The Student News Site of Westfield High School

Remembering Dr. Nelson

April 12, 2019

“Dr. Nelson: Fiercely committed, fiercely loyal to his students, to his staff, to the Westfield community. Every decision always had the best interest of the student at the heart of it. A scholar and a jokester in the same breath. Loved to joke and prank, but was the first one to roll his sleeves up and get serious. A family man. A doting father. A friend. A fierce leader.”—Dr. Tiffany Jacobson, Supervisor of Language Arts, K-12

1975-2019

On April 7, WHS Principal Dr. Derrick Nelson unexpectedly passed away due to complications associated with a stem cell donation in late February. Dr. Nelson was a hero—in every sense of the word. His courage, selflessness and integrity inspired the Westfield community. He was a respected leader, beloved friend and adored father. Dr. Nelson was a hero to his country and to us.

It’s impossible to capture all that Dr. Nelson was in just a few pages. His impact is still reverberating—through the hallways where he would sing at the top of his lungs, through Kehler Stadium where he would ignite the crowd on game days and through his own home where he would make his fiancée and 5-year-old daughter smile and laugh. Dr. Nelson will be missed immensely, but his legacy will live on in the countless lives he touched along the way. 



Hero

What does it mean to be a hero? In all aspects, Dr. Nelson excelled beyond the typical definition.

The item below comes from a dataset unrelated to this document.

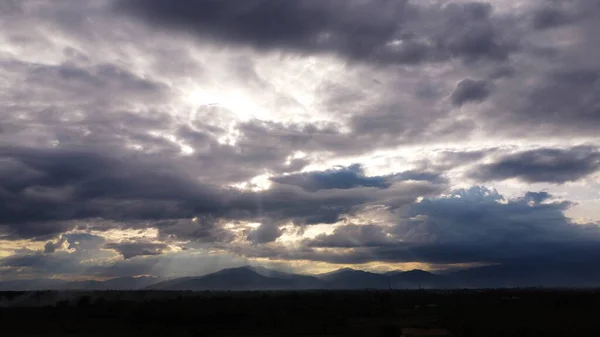Проміжок Часу Прекрасного Неба Хмарами Сонячним Світлом Під Час Заходу — стокове фото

Dr. Nelson’s heroic actions began in the military. He enlisted in the Army Reserve when he was 19 years old as a way to cover the cost of college, but he quickly adopted service as a part of his identity.

Dr. Nelson was deployed with the 143rd Expeditionary Sustainment Command to Afghanistan in the summer of 2013, according to the Westfield Patch. In 2014, he transitioned from Master Sergeant to Chemical, Biological, Radiological and Nuclear Warrant Officer.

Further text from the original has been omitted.